How we deal with toxic thoughts
I have long been confounded that otherwise intelligent people can claim, straight-faced, that the earth is only 6,000 years old or that a virgin got pregnant. Such people are utterly sincere, of course. Many of them excel at highly technical jobs and they generally embrace the results of science (they choose doctors who use high-tech medicine and they dare to fly on airplanes) and they are capable of great skepticism (they scoff at the dogma of everyone else’s religion and if one of their own unmarried daughters gets pregnant, they don’t believe her story that she didn’t have sex).

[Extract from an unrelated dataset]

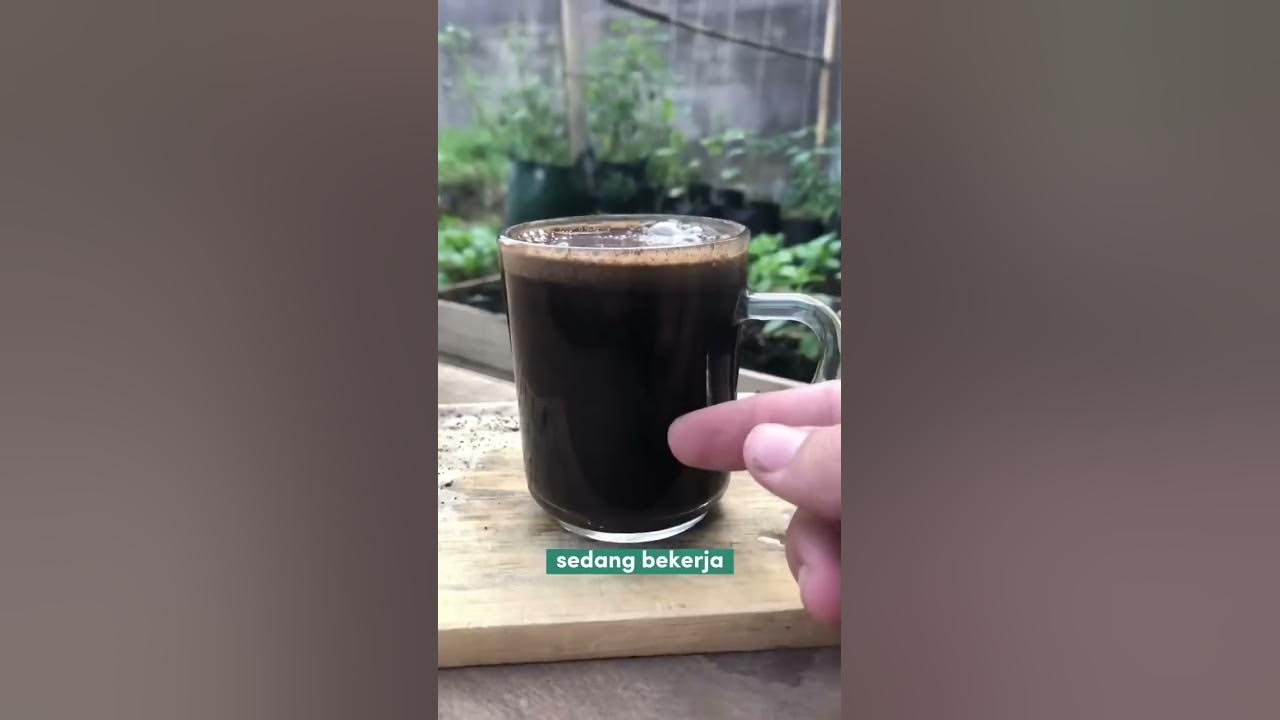 Ini cara nyeduh kopi yang benar! Bikin rasa kopi 10x lebih nikmat! #tanduria #gardening #berkebun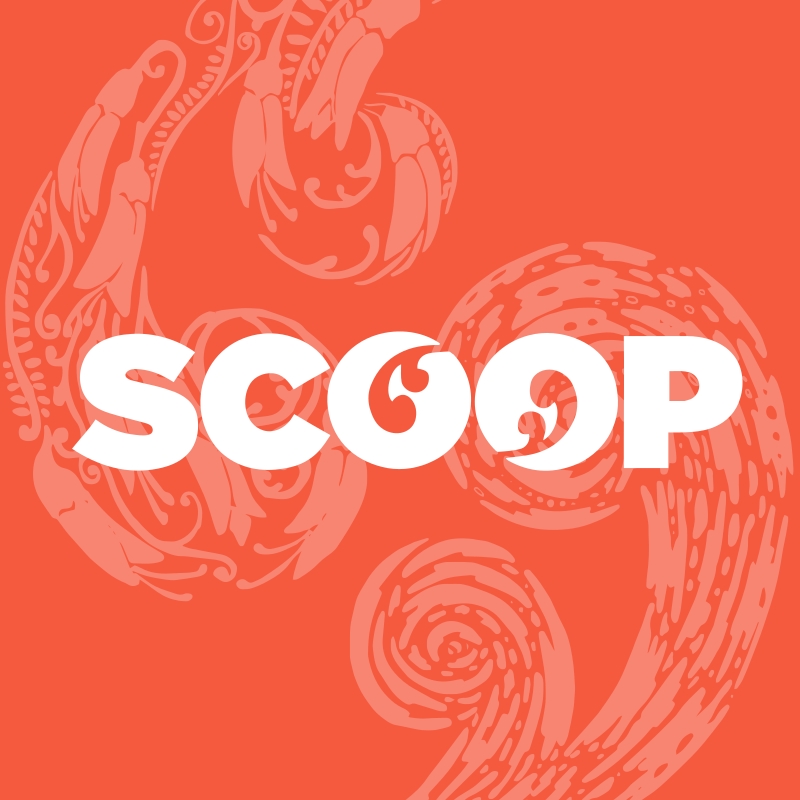 (c) Scoop.co.nz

I’ve spent much of my life trying to understand this unevenness of skepticism. Though fundamentalists are generally intelligent, inquisitive, and skeptical, they are science-adverse only with regard to a limited range of topics. While in their “Believer” mode, they seem to be totally transformed people. What is grabbing their brains and making them say such things, I’ve often wondered.
The deepest, most treasured, assumptions of many religious Believers are somehow cordoned off. Once hooked on religion, they seem incapable of truly considering whether God exists. They seem psychologically and intellectually incapable of considering that the writings and history of the Bible seem flawed, self-contradictory and all-too-human.
Before you start thinking that I’m picking on religious fundamentalists . . . well, I am. But I’m also picking on anyone else who’s ever shuddered and become glassy-eyed at simple questions aimed at their most basic assumptions. I’m talking about all of us, …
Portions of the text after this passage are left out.